Hadoop Archives
What are Hadoop archives?
Hadoop archives are special format archives. A Hadoop archive maps to a file system directory. A Hadoop archive always has a *.har extension. A Hadoop archive directory contains metadata (in the form of _index and _masterindex) and data (part-*) files. The _index file contains the name of the files that are part of the archive and the location within the part files.
How to create an archive?
Usage: hadoop archive -archiveName name <src>* <dest>
-archiveName is the name of the archive you would like to create. An example would be foo.har. The name should have a *.har extension. The inputs are file system pathnames which work as usual with regular expressions.
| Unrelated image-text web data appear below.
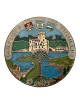 Placca Golfo del Tigullio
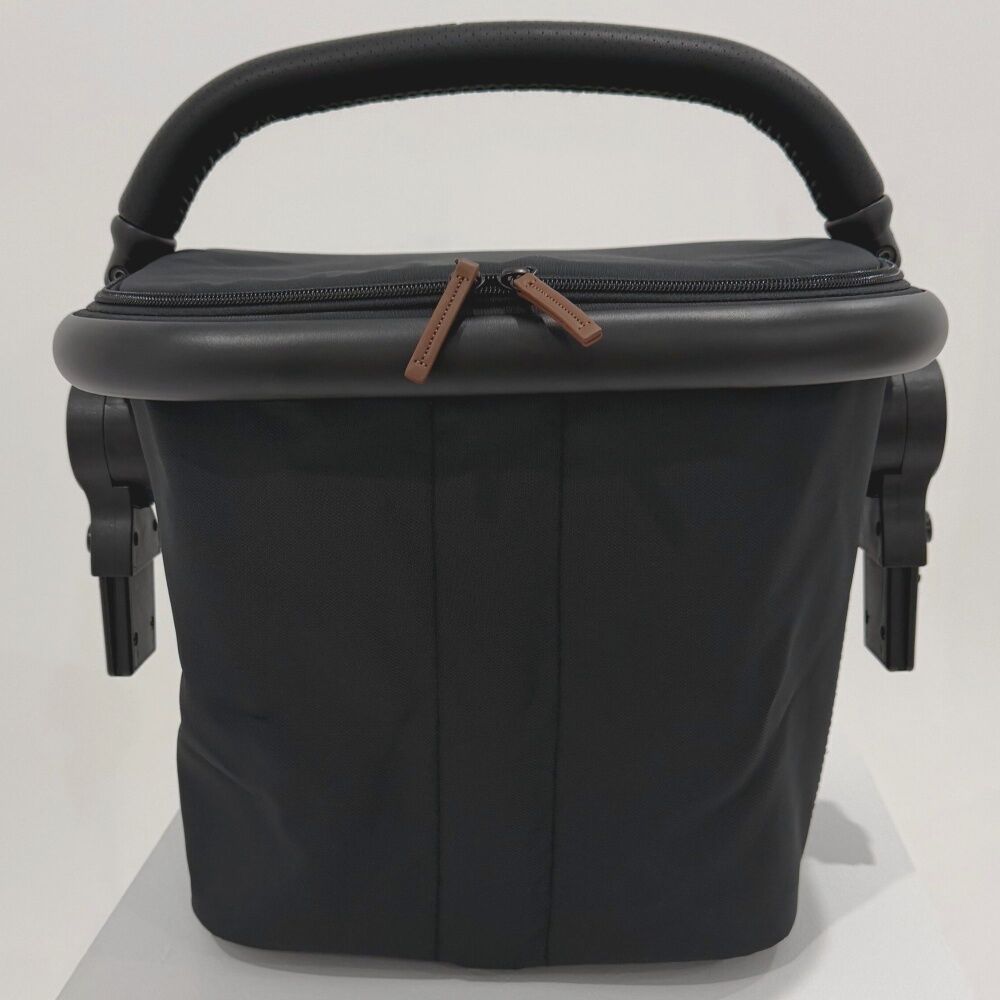 Baby Studio The Tribe Stroller Shopping Basket Accessory Black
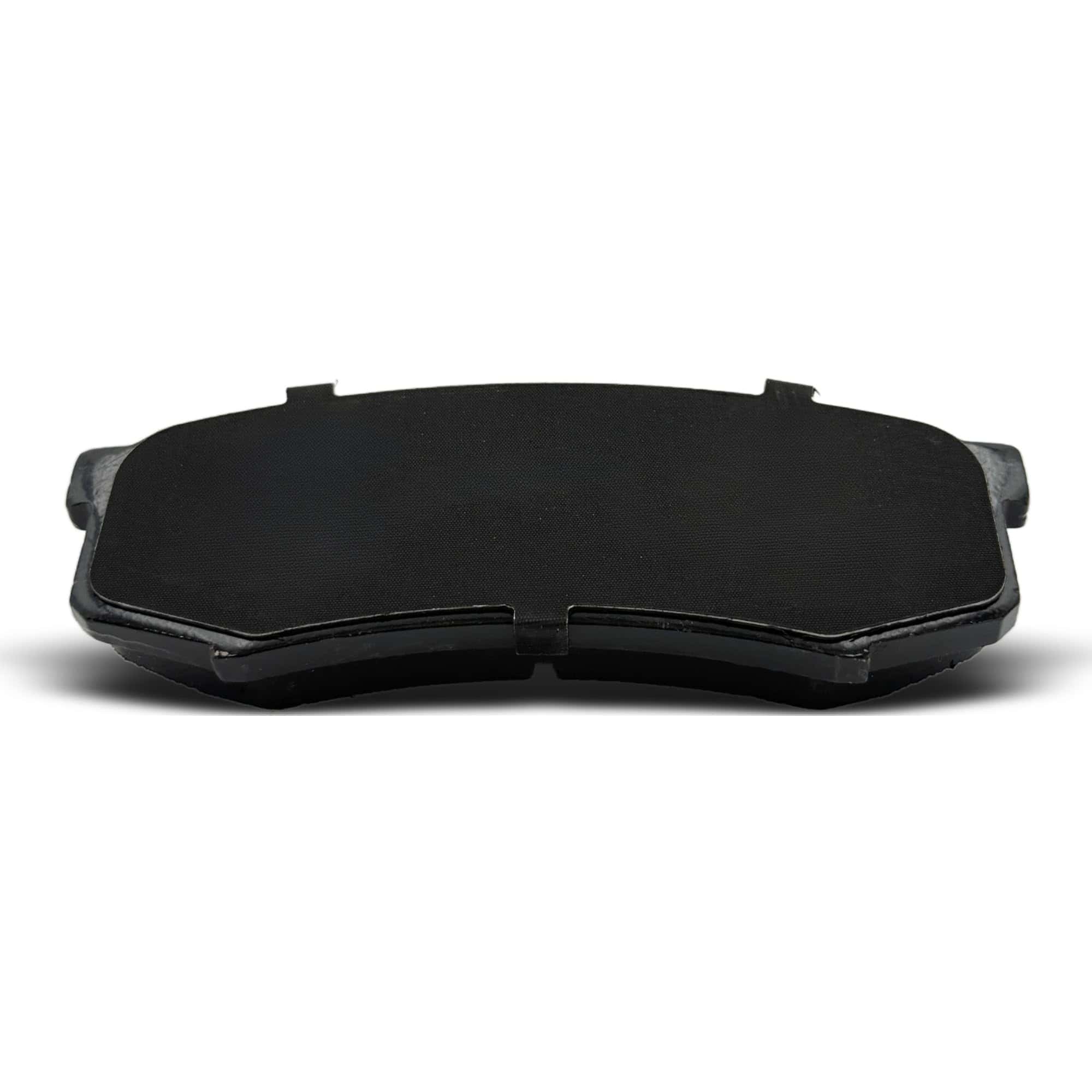 Pastillas de Freno de Cerámica Delanteras y Traseras Ajuste - Imagen 9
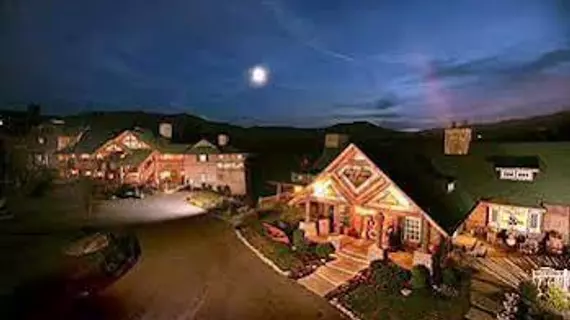 The Lodge at Buckberry Creek | Tennessee - Gatlinburg - Pigeon Forge (ve civarı) - Gatlinburg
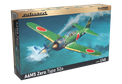 Eduard 1/48 A6M5 Zero Type 52a (Profipack)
The destination directory would contain the archive. Note that this is a Map/Reduce job that creates the archives. You would need a map reduce cluster to run this. The following is an example:
hadoop archive -archiveName foo.har /user/hadoop/dir1 /user/hadoop/dir2 /user/zoo/
In the above example /user/hadoop/dir1 and /user/hadoop/dir2 will be archived in the following file system directory -- /user/zoo/foo.har. The sources are not changed or removed when an archive is created.
How to look up files in archives?
The archive exposes itself as a file system layer. So all the fs shell commands in the archives work but with a different URI. Also, note that archives are immutable. So, rename's, deletes and creates return an error. URI for Hadoop Archives is
har://scheme-hostname:port/archivepath/fileinarchive
If no scheme is provided it assumes the underlying filesystem. In that case the URI would look like
har:///archivepath/fileinarchive
Here is an example of archive. The input to the archives is /dir. The directory dir contains files filea, fileb. To archive /dir to /user/hadoop/foo.har, the command is
hadoop archive -archiveName foo.har /dir /user/hadoop
To get file listing for files in the created archive
hadoop dfs -lsr har:///user/hadoop/foo.har
To cat filea in archive -
hadoop dfs -cat har:///user/hadoop/foo.har/dir/filea